Statistics for Data Science (Super Simple) | Fakhruddin Khambaty's Learning Hub

Chapter 1: What is Statistics? (And Why Should You Care?)

👶 Explain Like I'm 5

Statistics is like being a detective with numbers! 🔍

You have clues (data), and statistics helps you figure out what they mean!

📌 In One Sentence

Statistics is the set of tools we use to summarize data (descriptive) and to make conclusions or predictions from samples (inferential)—including when to trust that a pattern isn't just luck (hypothesis tests, p-values).

🍕 Real Life Example

A pizza restaurant wants to know: "Which pizza is most popular?"

They can't ask every single customer ever. So they look at last month's orders (that's their sample) and use statistics to guess what ALL customers like!

Two Types of Statistics

📋 Descriptive Statistics

What it does: Summarizes data you already have

Example: "Last month, 60% of orders were pepperoni pizza"

Tools: Mean, Median, Mode, Charts

🔮 Inferential Statistics

What it does: Makes predictions about data you DON'T have

Example: "We predict next month will also be ~60% pepperoni"

Tools: Hypothesis tests, Confidence intervals

Chapter 2: The Normal Distribution (The Bell Curve)

👶 Explain Like I'm 5

Imagine measuring the height of 1000 adults:

Very few people are SUPER short (like 4 feet)
Very few people are SUPER tall (like 7 feet)
MOST people are somewhere in the middle (around 5'6" to 5'10")

When you graph this, it makes a bell shape! 🔔

🔔 The Bell Curve Shape – With Clear X and Y Axes

Graph below: X-axis = value (e.g. height, test score); Y-axis = how often that value appears (frequency).
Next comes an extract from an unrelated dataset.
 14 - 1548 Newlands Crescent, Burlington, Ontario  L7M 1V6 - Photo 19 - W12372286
The peak is at the mean.

X = value, Y = frequency. Red dashed line = mean (center).

Few   MOST ARE HERE   Few
Short    (Average)    Tall

This shape appears EVERYWHERE in nature!

🌍 Examples of Normal Distribution in Real Life

Test scores: Most students get average grades, few fail, few get perfect
Birth weight: Most babies are 6-8 lbs, very few are 3 lbs or 12 lbs
Shoe sizes: Most people wear size 8-10, very few wear size 4 or 16
Daily temperature: Usually near average, rarely extreme

The 68-95-99.7 Rule (Memorize This!)

📏 How Data Spreads in a Normal Distribution

Distance from Mean	% of Data
Within 1 Standard Deviation	68%
Within 2 Standard Deviations	95%
Within 3 Standard Deviations	99.7%

🎯 What Does This Mean?

If average test score is 75 and standard deviation is 10:

68% of students scored between 65 and 85 (75 ± 10)
95% of students scored between 55 and 95 (75 ± 20)
99.7% of students scored between 45 and 105 (75 ± 30)
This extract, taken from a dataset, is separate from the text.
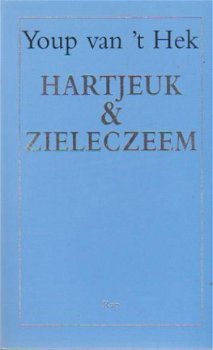 Youp van 't Hek Hartjeuk & Zieleczeem - 1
If someone scores 20, that's VERY unusual! (an outlier)

import numpy as np
import matplotlib.pyplot as plt

# Generate 10,000 random numbers from a normal distribution
# mean = 75 (average test score)
# std = 10 (how spread out the scores are)

np.random.seed(42)  # For reproducibility
test_scores = np.random.normal(loc=75, scale=10, size=10000)
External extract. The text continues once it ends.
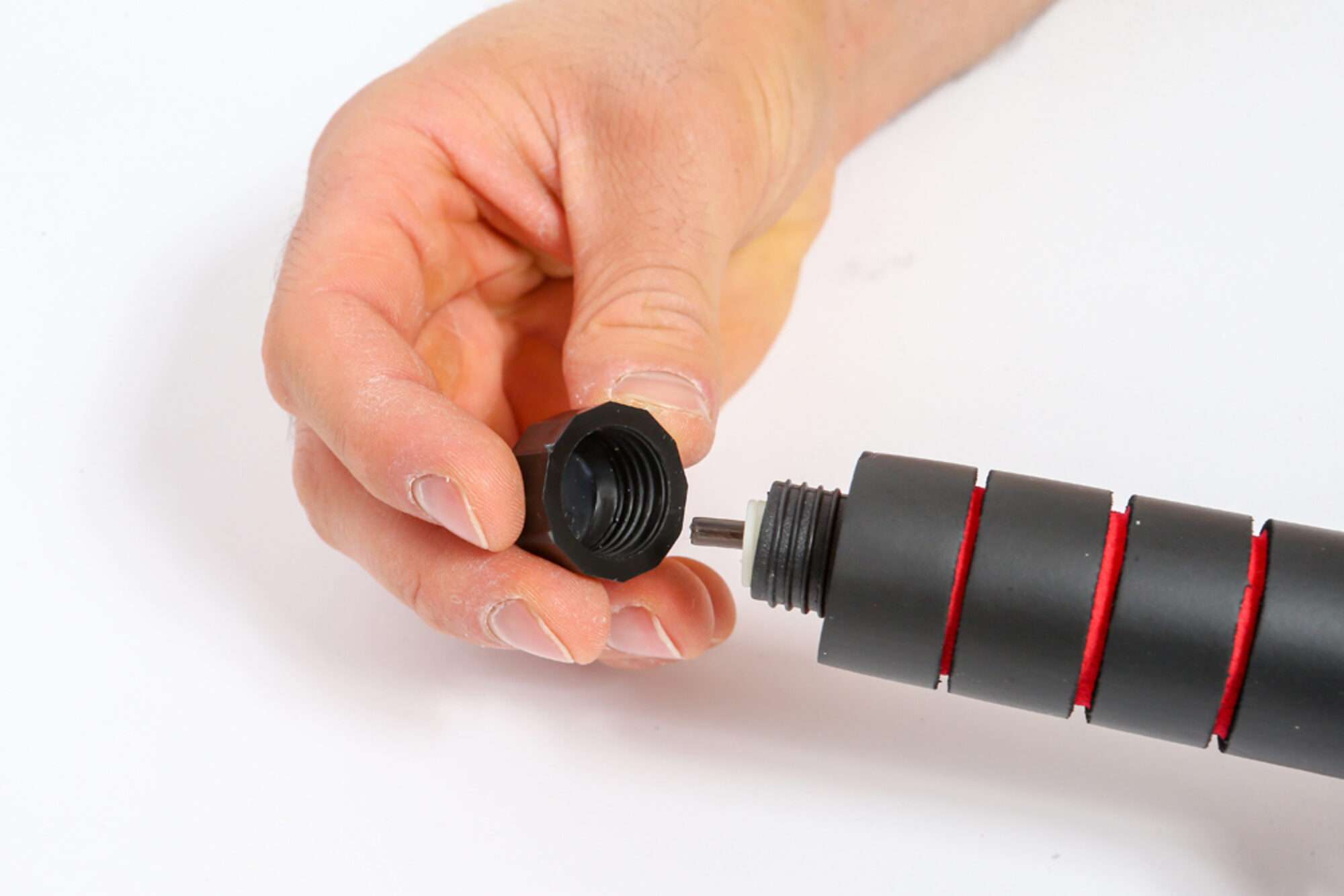 Image du produit : OKO springtouw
# Let's verify the 68-95-99.7 rule!
mean = np.mean(test_scores)
std = np.std(test_scores)

# Count how many fall within 1, 2, 3 standard deviations
within_1_std = np.sum((test_scores >= mean - std) & (test_scores <= mean + std))
within_2_std = np.sum((test_scores >= mean - 2*std) & (test_scores <= mean + 2*std))
within_3_std = np.sum((test_scores >= mean - 3*std) & (test_scores <= mean + 3*std))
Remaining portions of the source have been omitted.